→ EXERCISE BRIEF
Write each entry out again verbatim, pictures excluded.

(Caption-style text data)
**********
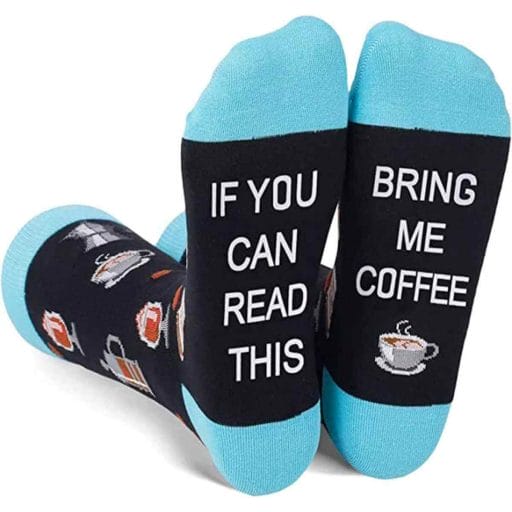 Photo of a blue pair of funny coffee socks with the frase "If you can read this bring me coffee" written on the bottom and a design of a coffee mug.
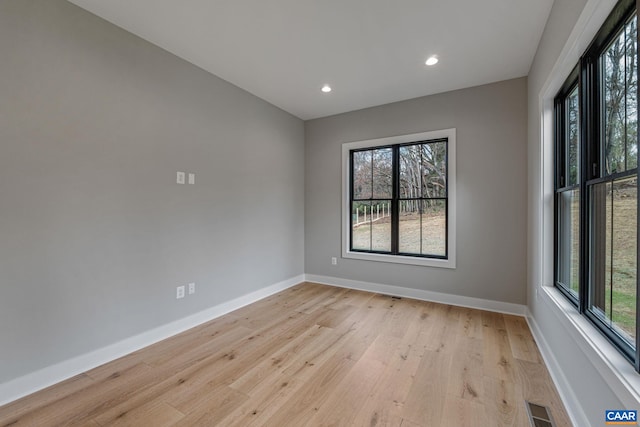 empty room with recessed lighting, visible vents, baseboards, and light wood finished floors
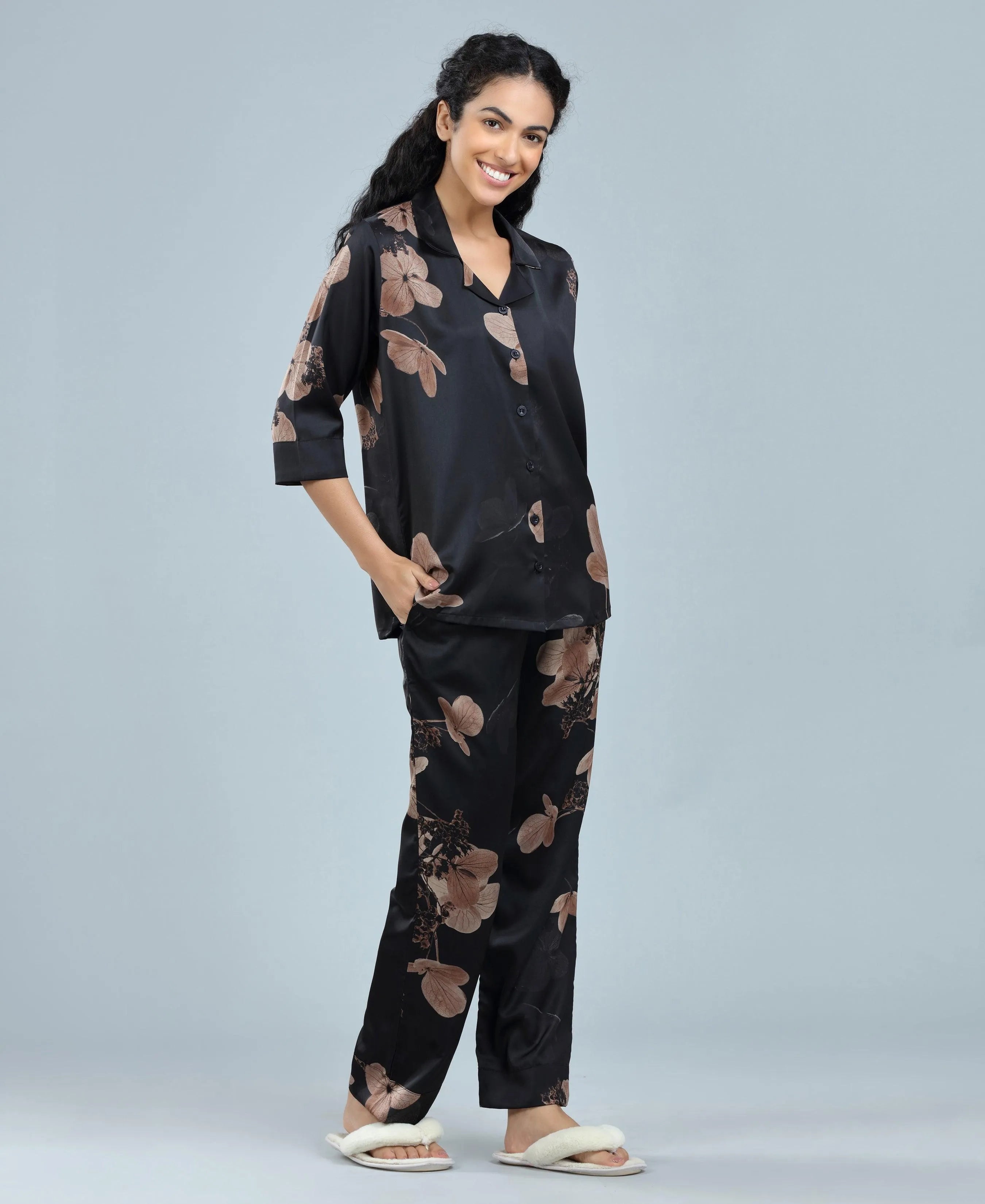 Velure Glossy Black Floral Print Satin Night Suit - Velure, Long Top and Pant, Elevate your weekend wardrobe with Velure's Glossy Black Floral Satin Print Night Suit. Crafted from silky smooth satin, this set guarantees unmatched comfort and softness. The vibrant floral print adds a touch of joy to the ensemble. Featuring a 3/4 sleeve shirt and full-length pants with an elastic waistband, this suit ensures a snug and cozy fit. Indulge in a peaceful sleep accompanied by pleasant dreams.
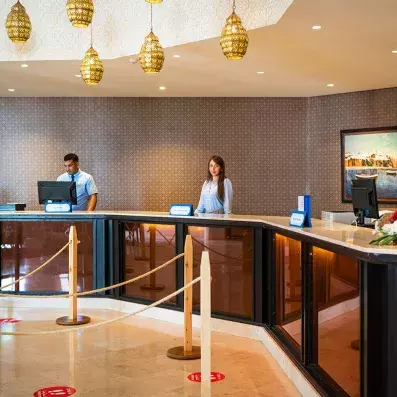 réception de l'hôtel avec personnel et lustres décoratifs accrochées au plafond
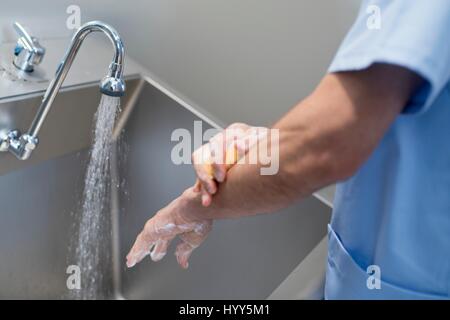 Arzt, Reinigung der Hände mit Seife und Wasser im Krankenhaus. Stockfoto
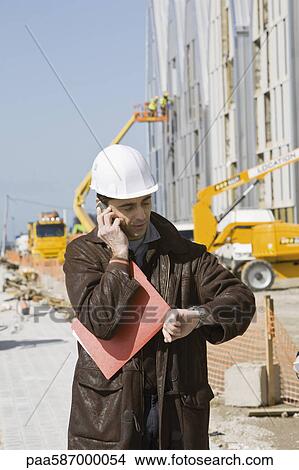 Picture - Building contractor using cell phone, checking time. Fotosearch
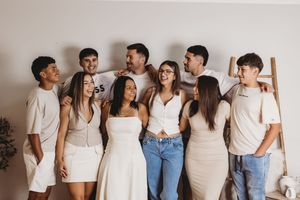Group portrait series with people wearing white tops and blue jeans in a minimalist setting.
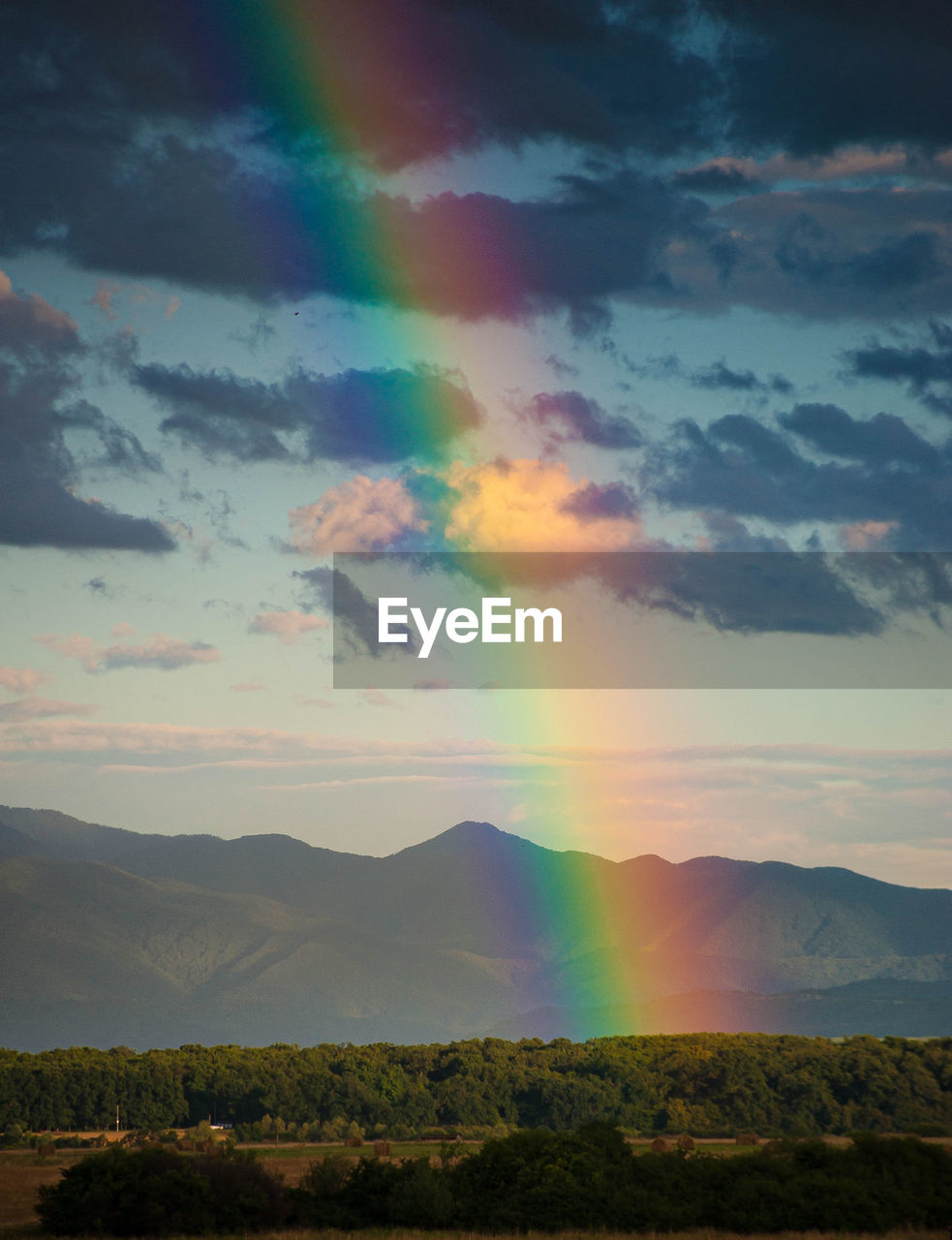 Scenic view of field against sky during sunset with rainbow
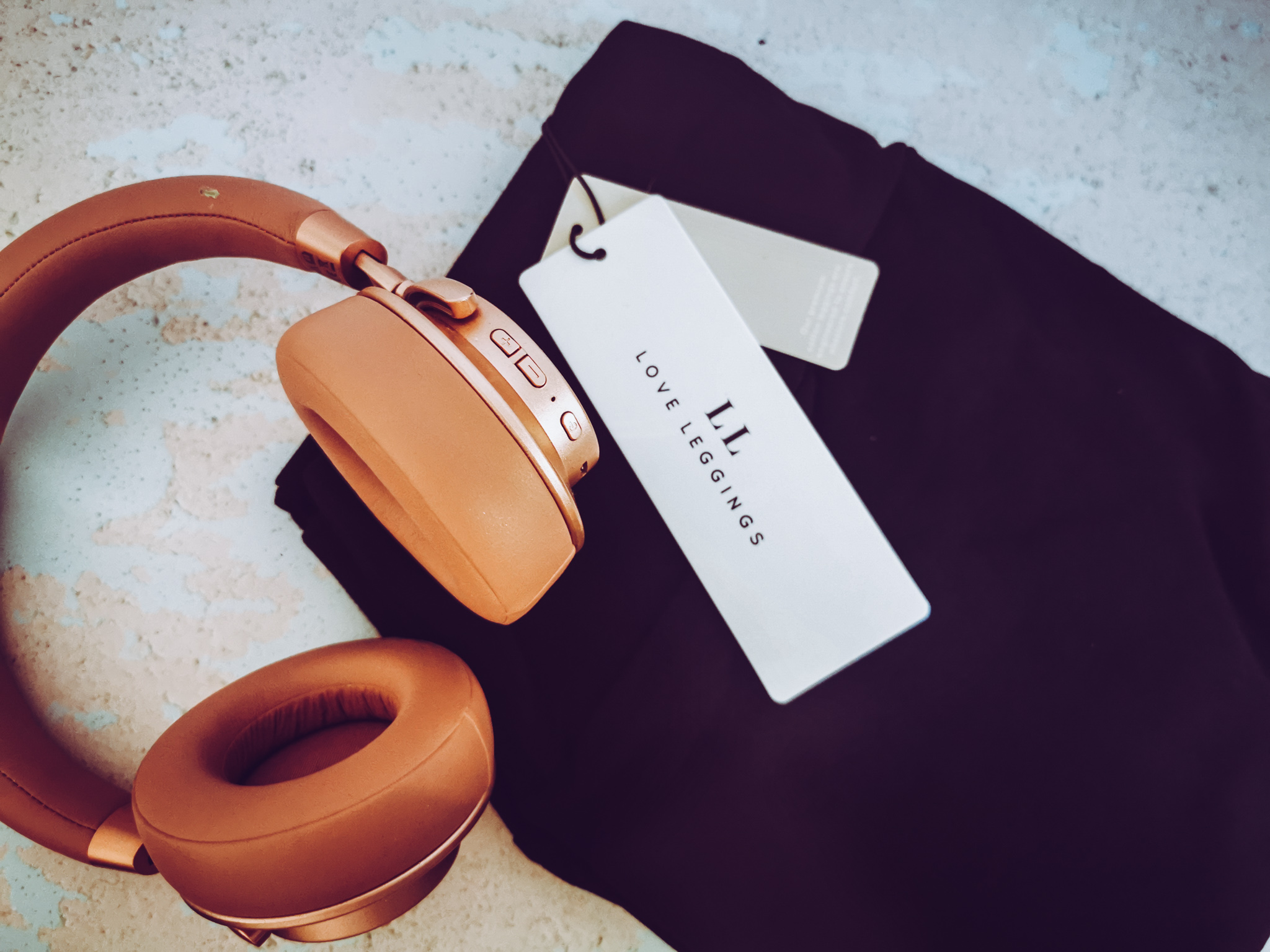 black leggings and pink headphones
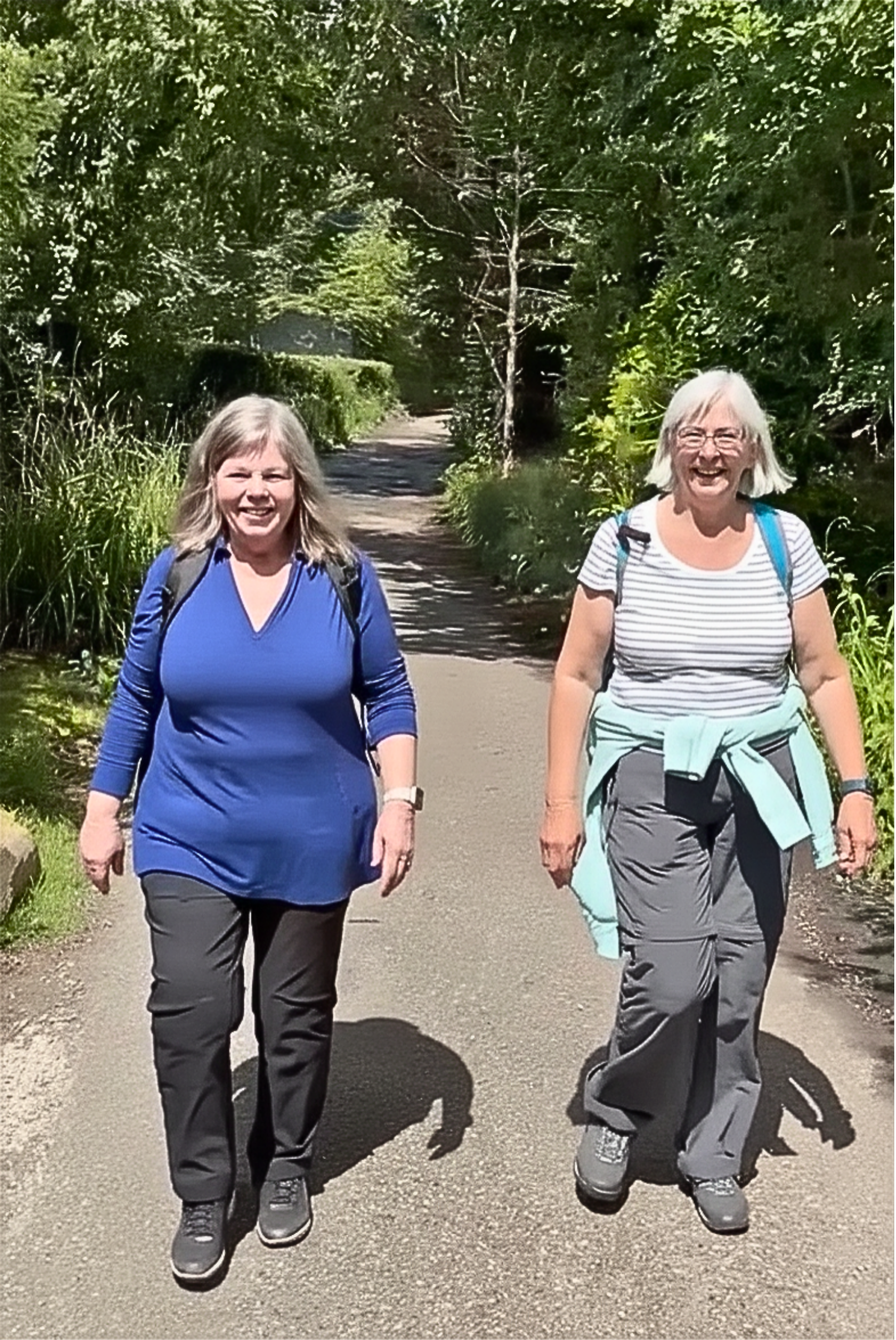 Two smiling women walking outdoors on a paved path surrounded by lush green trees and bushes. Both are dressed in casual hiking attire and wearing backpacks, enjoying a sunny day.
**********
→ EXERCISE SOLUTION
 Photo of a blue pair of funny coffee socks with the frase "If you can read this bring me coffee" written on the bottom and a design of a coffee mug.
 empty room with recessed lighting, visible vents, baseboards, and light wood finished floors
 Velure Glossy Black Floral Print Satin Night Suit - Velure, Long Top and Pant, Elevate your weekend wardrobe with Velure's Glossy Black Floral Satin Print Night Suit. Crafted from silky smooth satin, this set guarantees unmatched comfort and softness. The vibrant floral print adds a touch of joy to the ensemble. Featuring a 3/4 sleeve shirt and full-length pants with an elastic waistband, this suit ensures a snug and cozy fit. Indulge in a peaceful sleep accompanied by pleasant dreams.
 réception de l'hôtel avec personnel et lustres décoratifs accrochées au plafond
 Arzt, Reinigung der Hände mit Seife und Wasser im Krankenhaus. Stockfoto
 Picture - Building contractor using cell phone, checking time. Fotosearch
Group portrait series with people wearing white tops and blue jeans in a minimalist setting.
 Scenic view of field against sky during sunset with rainbow
 black leggings and pink headphones
 Two smiling women walking outdoors on a paved path surrounded by lush green trees and bushes. Both are dressed in casual hiking attire and wearing backpacks, enjoying a sunny day.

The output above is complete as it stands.